In a recent case, Rudolph v. Abbott Laboratories, Inc., Civil Action No.: 3:18-cv-6071-PGS-TJB, 2023 WL 5638844 (D.N.J. August 31, 2023), the court denied defendant’s motion in limine seeking to prelude plaintiff from introducing evidence of other employees’ allegations of discrimination.
This evidence, typically referred to as “me too” evidence, can be very useful in a discrimination case.
From the decision:
Plaintiff argues that evidence of allegations of age discrimination made against Devlin by other Abbott Laboratories, Inc. employees is relevant and admissible to proving the discriminatory intent element in this case. Fed. R. Evid. 404(b)(2). Defendant seeks to preclude the evidence based on improper character evidence as irrelevant.
The Court denies Defendant’s request for an Order excluding the testimony of Earl “Andy” Bielitz and Ron Gonzales concerning complaints of age discrimination by Devlin. The testimony is temporally connected as having occurred within several months of Plaintiff’s alleged wrongful termination. The Third Circuit has permitted such evidence:
Evidence of an employer’s conduct towards other employees has long been held relevant and admissible to show that an employer’s proffered justification is pretext. See, e.g., McDonnell Douglas Corp., 411 U.S. at 804 (stating that evidence that employees of another race were treated differently from the plaintiff under comparable circumstances is “[e]specially relevant” to whether employer’s proffered explanation is pretextual); Becker v. ARCO Chemical Co., 207 F.3d 176, 194 n. 8 (3d Cir.2000) (citing cases holding that, “as a general rule, evidence of a defendant’s prior discriminatory treatment of a plaintiff or other employees is relevant and admissible under the Federal Rules of Evidence to establish whether a defendant’s employment action against an employee was motivated by invidious discrimination”). Thus, other acts are admissible under Rule 404(b) in the employment discrimination context for the proper purpose of establishing or negating discriminatory intent.

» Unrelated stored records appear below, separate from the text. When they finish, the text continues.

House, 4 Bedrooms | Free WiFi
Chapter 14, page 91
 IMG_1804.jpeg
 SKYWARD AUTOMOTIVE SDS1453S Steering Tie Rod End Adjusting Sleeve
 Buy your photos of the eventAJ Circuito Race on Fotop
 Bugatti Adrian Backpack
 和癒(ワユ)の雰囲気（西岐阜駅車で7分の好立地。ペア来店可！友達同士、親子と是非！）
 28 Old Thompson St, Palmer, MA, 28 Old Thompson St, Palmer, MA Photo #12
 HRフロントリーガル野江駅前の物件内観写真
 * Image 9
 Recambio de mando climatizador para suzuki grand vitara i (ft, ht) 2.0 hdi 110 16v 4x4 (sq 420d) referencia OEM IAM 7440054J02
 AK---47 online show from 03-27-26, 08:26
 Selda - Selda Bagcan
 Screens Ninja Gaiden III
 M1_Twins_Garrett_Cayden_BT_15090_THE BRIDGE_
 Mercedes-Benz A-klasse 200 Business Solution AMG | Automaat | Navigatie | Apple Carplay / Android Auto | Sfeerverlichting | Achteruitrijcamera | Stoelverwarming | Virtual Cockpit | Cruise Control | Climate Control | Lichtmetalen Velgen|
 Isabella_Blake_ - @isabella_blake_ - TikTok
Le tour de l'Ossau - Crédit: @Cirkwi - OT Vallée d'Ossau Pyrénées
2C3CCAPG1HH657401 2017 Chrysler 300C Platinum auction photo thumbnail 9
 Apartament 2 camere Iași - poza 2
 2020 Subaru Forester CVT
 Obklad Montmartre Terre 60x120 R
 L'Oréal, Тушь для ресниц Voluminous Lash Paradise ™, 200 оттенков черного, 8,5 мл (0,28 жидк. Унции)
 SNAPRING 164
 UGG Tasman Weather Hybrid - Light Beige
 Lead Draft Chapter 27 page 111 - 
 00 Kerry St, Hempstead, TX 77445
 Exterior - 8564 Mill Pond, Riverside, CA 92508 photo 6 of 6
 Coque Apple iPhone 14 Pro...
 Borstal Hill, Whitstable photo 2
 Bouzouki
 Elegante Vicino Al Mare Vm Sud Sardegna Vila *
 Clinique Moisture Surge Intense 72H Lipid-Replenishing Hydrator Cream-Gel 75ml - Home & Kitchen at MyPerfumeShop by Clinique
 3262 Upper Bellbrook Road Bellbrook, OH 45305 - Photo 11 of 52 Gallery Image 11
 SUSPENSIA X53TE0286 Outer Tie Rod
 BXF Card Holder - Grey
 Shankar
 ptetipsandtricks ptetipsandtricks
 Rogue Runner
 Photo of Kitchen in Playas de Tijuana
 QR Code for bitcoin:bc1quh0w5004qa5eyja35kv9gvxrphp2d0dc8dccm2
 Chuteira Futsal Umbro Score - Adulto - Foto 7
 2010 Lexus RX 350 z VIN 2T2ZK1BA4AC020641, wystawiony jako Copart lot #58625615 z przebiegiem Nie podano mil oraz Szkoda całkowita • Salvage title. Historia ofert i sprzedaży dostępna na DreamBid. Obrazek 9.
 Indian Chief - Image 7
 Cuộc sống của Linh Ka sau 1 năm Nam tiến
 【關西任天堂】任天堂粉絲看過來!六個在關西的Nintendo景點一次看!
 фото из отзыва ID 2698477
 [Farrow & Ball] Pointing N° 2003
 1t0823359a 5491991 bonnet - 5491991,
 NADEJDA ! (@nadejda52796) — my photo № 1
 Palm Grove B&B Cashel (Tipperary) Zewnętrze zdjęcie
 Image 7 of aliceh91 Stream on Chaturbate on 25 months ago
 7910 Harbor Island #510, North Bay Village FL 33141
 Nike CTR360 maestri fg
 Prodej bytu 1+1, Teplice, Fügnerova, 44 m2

[Cleaned up; citations omitted.]
Accordingly, the court concluded that “[t]he testimony of Bielitz and Gonzales is admissible as to Devlin’s intent and motivation at the time of the employment dispute with Rudolph, and disputing Defendant’s proffered legitimate reason for termination as pretext” and that “other evidence such as Nitorshi Wilson and associated exhibits are admissible for the same reasons.”